His dissertation, “Why are you letting him die?”: Infrastructural Abandonment and the Unevenness of HIV Care in Peru, draws on in-depth qualitative fieldwork with healthcare providers across Lima and the Peruvian Amazon to examine how structural inequalities are translated into the organization of HIV care. This research was supported by the National Institute of Mental Health through the Fogarty UCGHI GloCal Health Fellowship and the Fulbright-Hays Doctoral Dissertation Research Abroad Fellowship. His work aims to inform health systems strengthening and policy reforms that address structural inequities and advance more equitable resource distribution, challenging systems that produce uneven access to care and differential valuations of certain lives over others.

Throughout his doctoral training, Juan has advanced a global mental health research agenda that includes co-leading the launch of national surveys on LGBTQ+ youth mental health in Peru and the Philippines in collaboration with The Trevor Project. His work has been published in Cambridge Prisms: Global Mental Health, Archives of Sexual Behavior, LGBT Health, and American Journal of Community Psychology. He is a recipient of the Ford Foundation Predoctoral Fellowship and the NIMHD T37 LEAD Global Training Fellowship.

Prior to entering the doctoral program at UCLA, Juan earned his MSW and MPH from the University of Michigan, where he worked with the Resilience + Resistance Collective on LGBTQ+ mental health and sexual health projects in the United States, Kenya, Zambia, and the Dominican Republic. His professional background also includes research roles with the UCLA Adolescent Trials Network and as a trained crisis counselor with a national suicide prevention hotline.
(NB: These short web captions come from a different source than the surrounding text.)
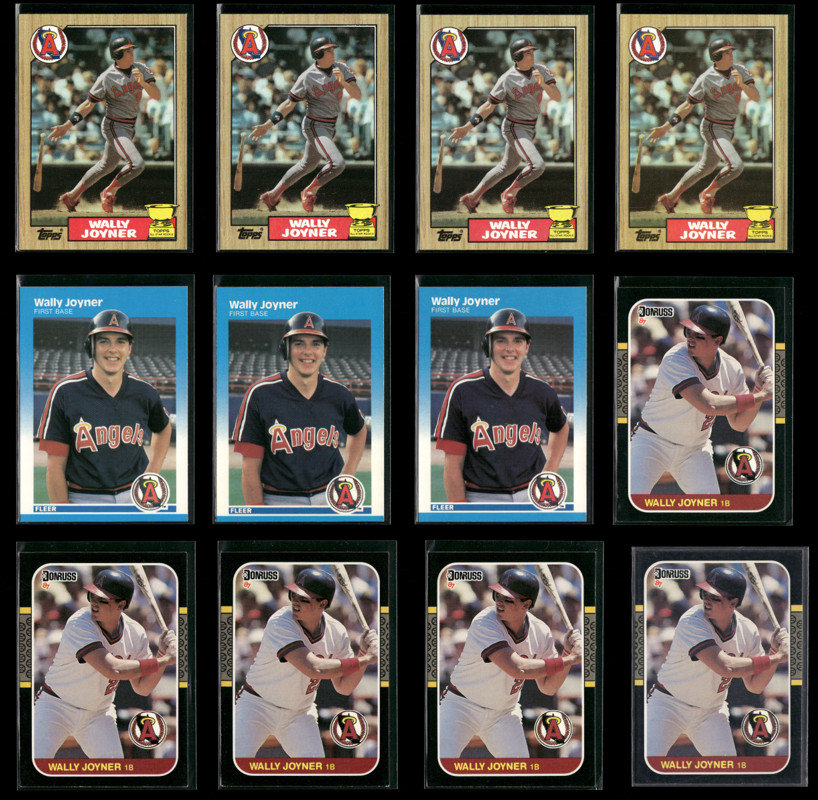 Wally Joyner ROOKIE CARD lot of 12 - California Angels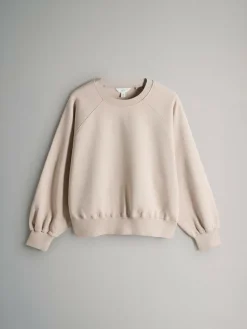 New The Set 3 Pack Raglan Sweat Tops Black/Navy/Cream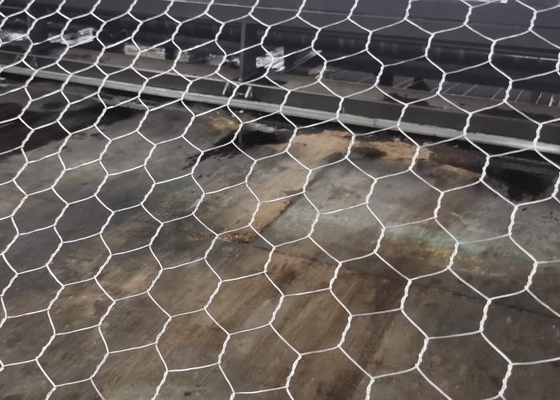 Cesta de gaviones galvanizada 2x1x1m Malla de acero de doble torsión alambre de 2,7 mm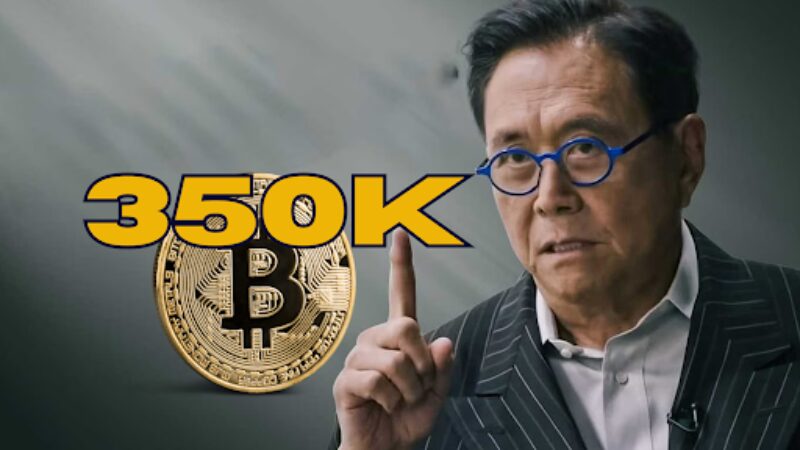 Robert Kiyosaki przewiduje, że Bitcoin osiągnie 350 000 USD do sierpnia 2024 r.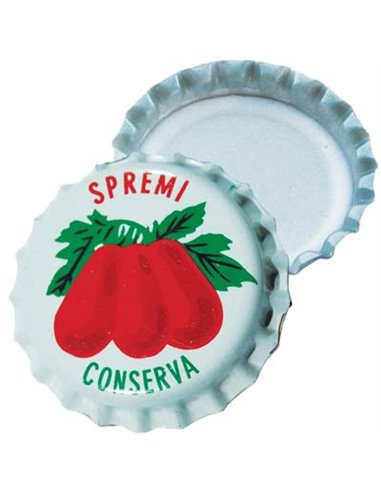 TAPPO CORONA SMALTATO POMODORO MM 26 CF80XPZ 100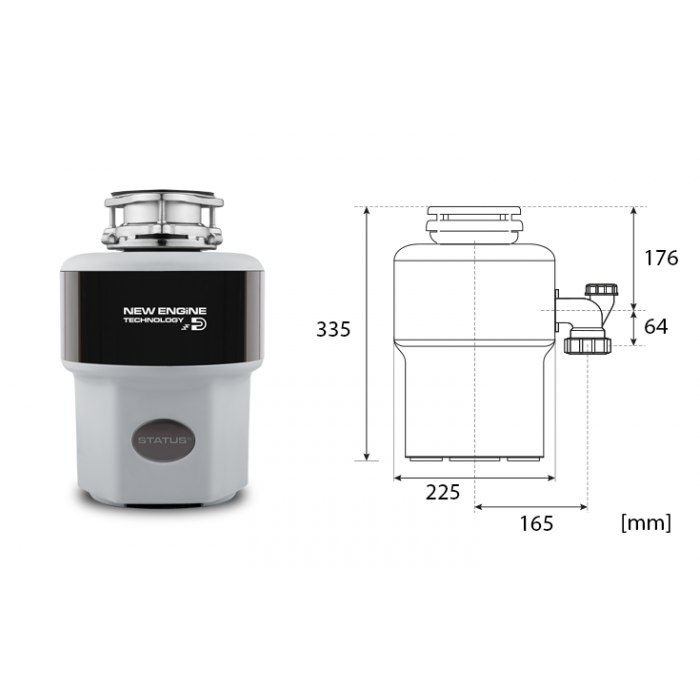 Status Premium 400 Измельчитель Zorg  - Вид №4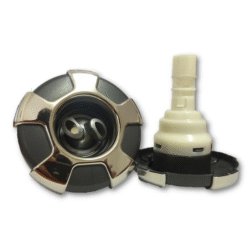 CMP 400 Series 4.25" Typhoon Jet Internal - Crown Face Double Rotational Stainless Steel/Graphite Gray/Silver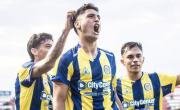 Enzo Giménez aporta una asistencia para la clasificación de Rosario Central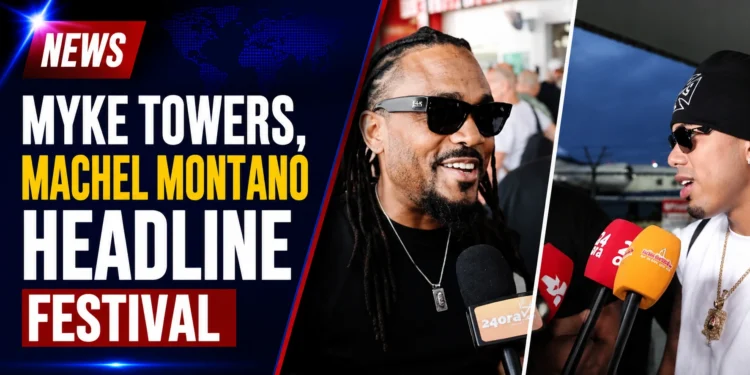 Myke Towers, Machel Montano Headline Festival Myke Towers, Machel Montano Headline Festival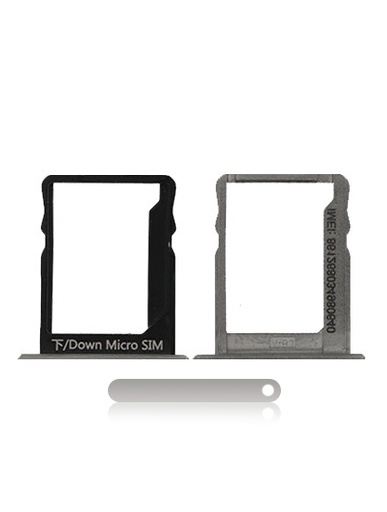 [107082021322] Tiroir SIM et carte SD compatible Huawei P8 Lite - Blanc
Juan is a Mexican-American, first-generation college student. He earned his BS in Psychobiology from UCLA in 2017.

Selected Publications: 

Jauregui, J. C., Reyes-Diaz, M., León-Morris, F., Nath, R., Taylor, A. B., & Konda, K. A. (2026). Understanding suicide risk among LGBTQ+ youth in Peru: Findings from a nationwide mental health survey. Cambridge Prisms: Global Mental Health13, e50. doi: 10.1017/gmh.2026.10169

Jauregui, J. C., Lewis, K. A., Moore, D. M., Ogunbajo, A., Odero, W., Wambaya, J., Onyango, D. P., Jadwin-Cakmak, L., & Harper, G. W. (2025). “It kills the freedom or the spirit of people being who they are”: Impact of sexuality-based stigma and discrimination on the lives of gay and bisexual men in Kenya. Global Public Health, 20(1). doi: 10.1080/17441692.2025.2489713

Jauregui, J. C., Hong, G., Garner, A., Howell, S., & Holloway, I. W. (2025). Sexual behavior, app use, and venue comfort during COVID-19: A global study of gay, bisexual, and other men who have sex with men. The Journal of Sex Research, 1-7. doi: 10.1080/00224499.2025.2585071

Jauregui, J. C., & Harper, G. W. (2025) LGBTQ+ cultural sensitivity training for mental health professionals in the United States. Archives of Sexual Behavior, 54, 1309-1315. doi: 10.1007/s10508-025-03132-3

León-Morris, F. D., Reyes-Diaz, E. M., Jauregui, J. C., Konda, K. A., Taylor, A. B., Jarrett, B. A., Lee, W. Y., Muñoz, G., & Nath, R. (2024). 2024 Perú national report on the mental health of LGBTQ+ young people. The Trevor Project. Available at: https://thetrevorproject.org/survey-international/pe/2024/en/

Julia Lesnick

Julia Lesnick is a doctoral candidate in social work whose scholarship centers on youth justice and the governance of youth crime. Her research investigates how policies and practices are developed, implemented, and experienced within systems that respond to young people in contact with the law. She focuses on institutional, organizational, and fiscal reforms to youth justice systems, and examines how these policy and practice changes impact youth and public safety.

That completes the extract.